In a special weekly series, the College of Liberal Arts is featuring a faculty member from one of our 13 departments. We asked questions about why they are passionate about the subjects they study and teach, and how they found their path to CSU. See all “Faculty Friday” features here.
Hye Seung Chung
Associate Professor, Department of Communication Studies
1. What do you research, teach, and/or study? What do you like most about it? What inspired your interest in these topics?
My research specialization can be broken into two main tracks:  the representation of Asians and Asian Americans in the U.S. media and  Korean/East Asian cinema. I came to the United States in 1997 to study classical Hollywood cinema, which was my passion since I was a kid. From an early age, I was drawn to MGM musicals, literary adaptations, and women’s films.
After taking up film studies as a graduate student at the City University of New York and later at the University of California at Los Angeles, my interest shifted and I became interested in studying film as a cultural text shaped by ideological forces of its time of production and reception. My first book, Hollywood Asian, follows the career and filmography of Philp Ahn, a pioneering Korean American actor who appeared in more than one hundred films between the 1930s and the 1970s. His villainous role in China Sky (1945), a Pearl S. Buck adaptation, had to be changed from Chinese to Korean because of America’s wartime policy prohibiting negative portrayals of allies.

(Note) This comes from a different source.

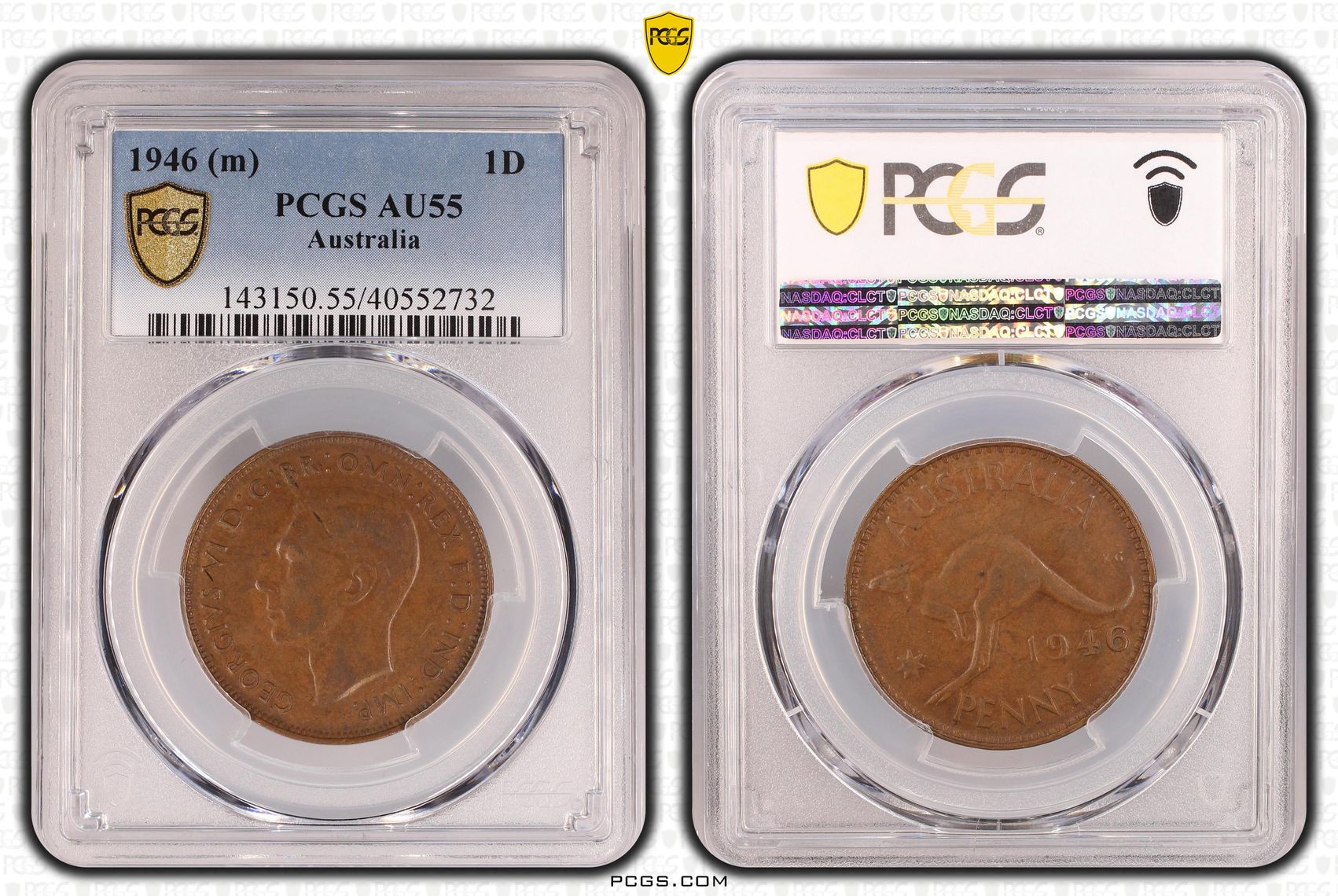 George VI, One Penny, 1946, PCGS AU55BN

I am interested in historicizing Asian representations in American popular culture in the larger context of U.S. foreign and immigration policy as well as industrial policy of censorship and regulation. My current book project is entitled Hollywood Diplomacy: Film Regulation, Foreign Relations, and East Asian Representations. I did archival research in both Washington D.C. and Los Angeles, comparing the government’s and studios’ documents about films depicting East Asian countries and ethnicities from the 1930s to the present. Ultimately, commercial Hollywood cinema is a product of compromises between industrial/commercial interests and political/diplomatic mandates—celluloid diplomacy, if you like, which inevitably is tied to the protection of lucrative foreign markets. I am intrigued by this balancing act and enjoy reconstructing film history through primary documents and textual analysis.

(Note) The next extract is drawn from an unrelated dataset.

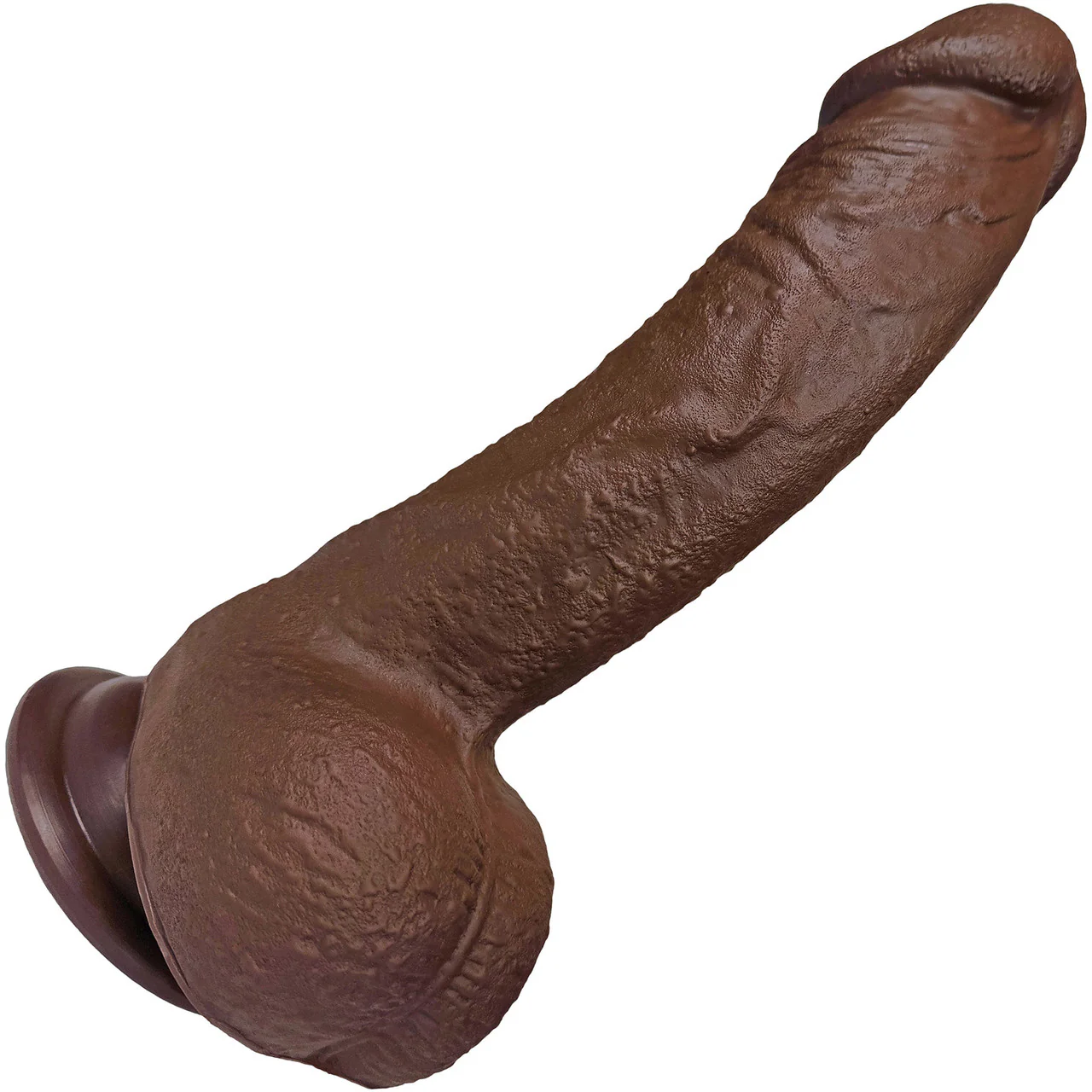 The Archer 6 Inch Silicone Realistic Dildo With Balls & Suction Cup Base By Fukena - Chocolate - Image 7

2. Which class is your favorite to teach and why?
I enjoy all my classes for different reasons, but I really like teaching classical Hollywood cinema to young students. I do that in multiple classes but History and Appreciation of Film (SPCM 354) is devoted entirely to the history of Hollywood. Young students don’t know how great American films were in the 1930s and 1940s and why that period is considered the Golden Age of Hollywood. It’s not simply because individual stars, directors, and films were fascinating. The tightly-controlled studio system was the biggest enabler of quality “product.” Everyone collaborated and compromised for the good of the collective and the quality/quantity of output during that period is truly stunning.
In my opinion, this is the most significant cultural heritage of this country. Young students should be educated in American film history and be proud just as their British counterparts perhaps are of Shakespeare and Dickens and French people are of Renoir and Monet. It is deeply satisfying for me to see my students learn about this period of American cultural history and come to appreciate such timeless classics as Trouble in Paradise, The Public Enemy, Mr. Smith Goes to Washington, Citizen Kane, Sunset Boulevard, The Searchers, Vertigo, etc.

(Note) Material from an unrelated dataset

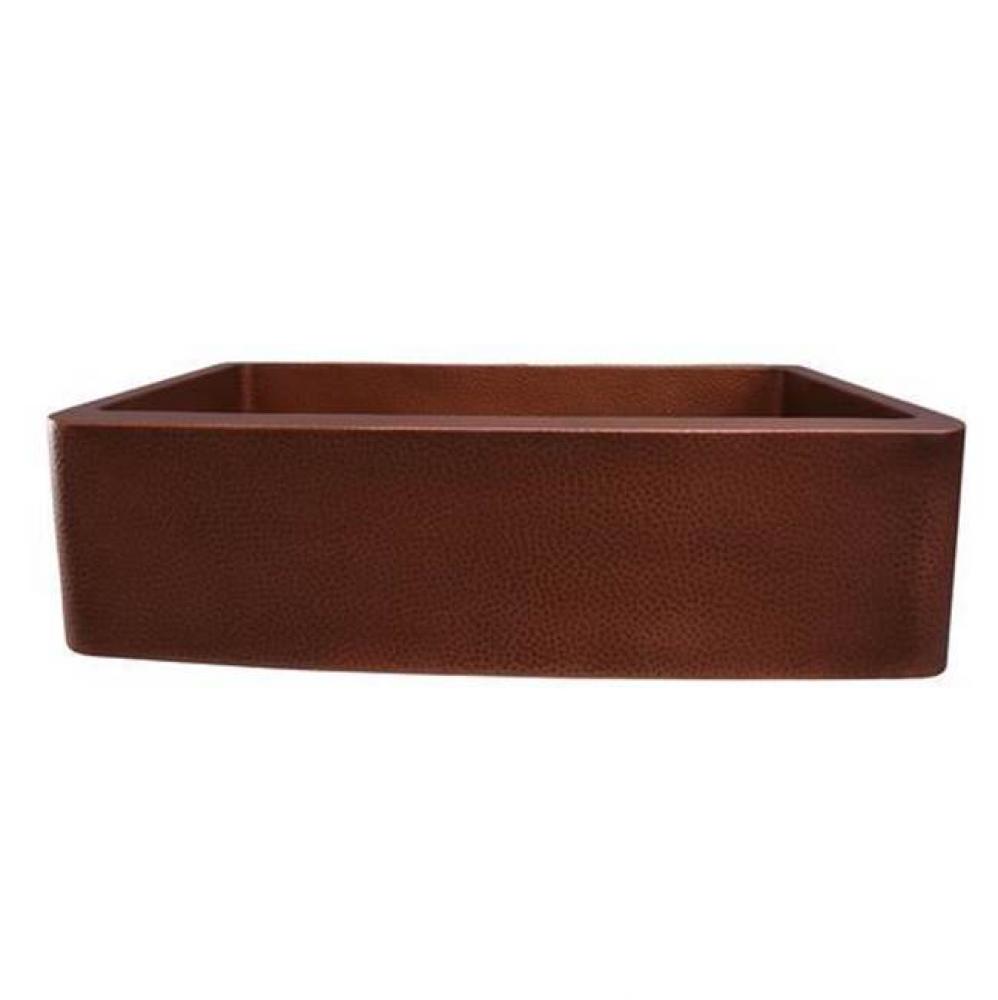 Gatsby 34'' Copper Apron Front Sink Hammered Front & Interior AC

3. What did you want to be when you were little? When did you know you wanted to go into higher education/research?
To tell you the truth, I never thought that I would become a professor. When I was little, I wanted to become a programmer of foreign films in a television station so that I could watch whatever classical Hollywood films I like! I became a public relations person after completing undergraduate college in Seoul, Korea, but soon realized that the corporate path was not what I really wanted.
I came to the United States to follow my dream of studying classical Hollywood cinema and to access cable movie channels such as TCM. But film studies really opened my eyes to the world, society, and politics as when I entered the field it had become politicized and cultural studies-oriented. It also enabled me to reconnect with my own heritage and I became a scholar of Korean modern history while studying and writing about Korean cinema.
I am very grateful that film education in the United States gave me a purpose in life and allowed me to teach my students about cultural and social issues of which they were previously oblivious. I often get comments from students about how my classes opened their eyes to what is really going on in the world around them. This is the biggest compliment that I can imagine.
4. What is one thing students would be surprised to learn about you?
Maybe not me in particular, but some students have a preconception of film classes being fun, easy, and carefree. Some students are surprised to learn that film studies is actually quite challenging, serious-minded, and complex. For example, this semester I am teaching an honors seminar on East Asian cinema and the second week’s screening was Black Rain, a Japanese film about the effects of the 1945 bombing of Hiroshima. We discussed difficult questions related to American culpability and moral responsibilities for this and other tragedies. Film can be a powerful tool to initiate profound conversations. I think students are sometimes surprised to see how deep and serious the class materials can be.